I mumbled something, grabbed the clipboard and staggered back to the waiting room. Flopping into the nearest chair, I glanced at the form. It was asking me what anesthetics I’m allergic to.
Wait. What are they planning to do to me? I thought I was coming in to get an imaginary cavity filled, but that was nearly two hours ago, and now they’re talking about insurance and anesthetic and “my condition.” This isn’t good.
My jaw throbbed.
I found my phone in my pocket and dialed my favorite number.
“Hallo?” said my Beloved Viennese Bride, Dagmar.
“Hi Honey. What anesthesia am I allergic to?” I asked, holding onto my jaw.
“Vhat? Are you still at de dentist? Why are you still at de dentist? What do you mean, ‘anesthesia?’ Vhat are dey doing to you?”
“I don’t know, Snookums,” I said. “They filled a cavity I didn’t know I had; now they want me to stay here and wait while they develop X-Rays and they’re talking about putting me under, and I have a meeting in an hour… I just don’t want to be here. My mouth hurts and I just don’t want to be here.” We chatted for a few minutes longer, then Dagmar said, “You just fill out your form. Take it up to the desk when the secretary’s phone rings.”

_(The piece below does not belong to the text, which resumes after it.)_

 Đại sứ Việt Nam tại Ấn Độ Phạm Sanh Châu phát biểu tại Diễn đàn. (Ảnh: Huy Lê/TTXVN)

“What?” I asked. But she’d hung up already. I mentally shrugged to myself and filled out my form, rubbing my aching jaw, pausing every now and then to reflect on my upcoming misery. I still felt bruised from the dentist, now I gotta go back for more. Just as I finished the form, the secretary’s phone rang. I reluctantly took the paper up to the desk, shuffling my feet. The secretary was still talking on the phone. I set the form down. I just don’t want to be here, I thought. The secretary wasn’t paying any attention to me. I gazed wistfully out the front door for a moment, wishing I was elsewhere, anywhere, then glanced back at the secretary. She was laughing into the phone now, not paying the slightest bit of attention…
I bolted. Out the door I ran. I was in the car and on the road in about twenty seconds. My cell phone rang. It was Dagmar. “I vunder if the secretary has noticed you’ve left,” she said.
“How did you know I was gonna run away?” I asked.
“I know you very well,” she said. “Just who do you think the secretary was talking to, anyway?”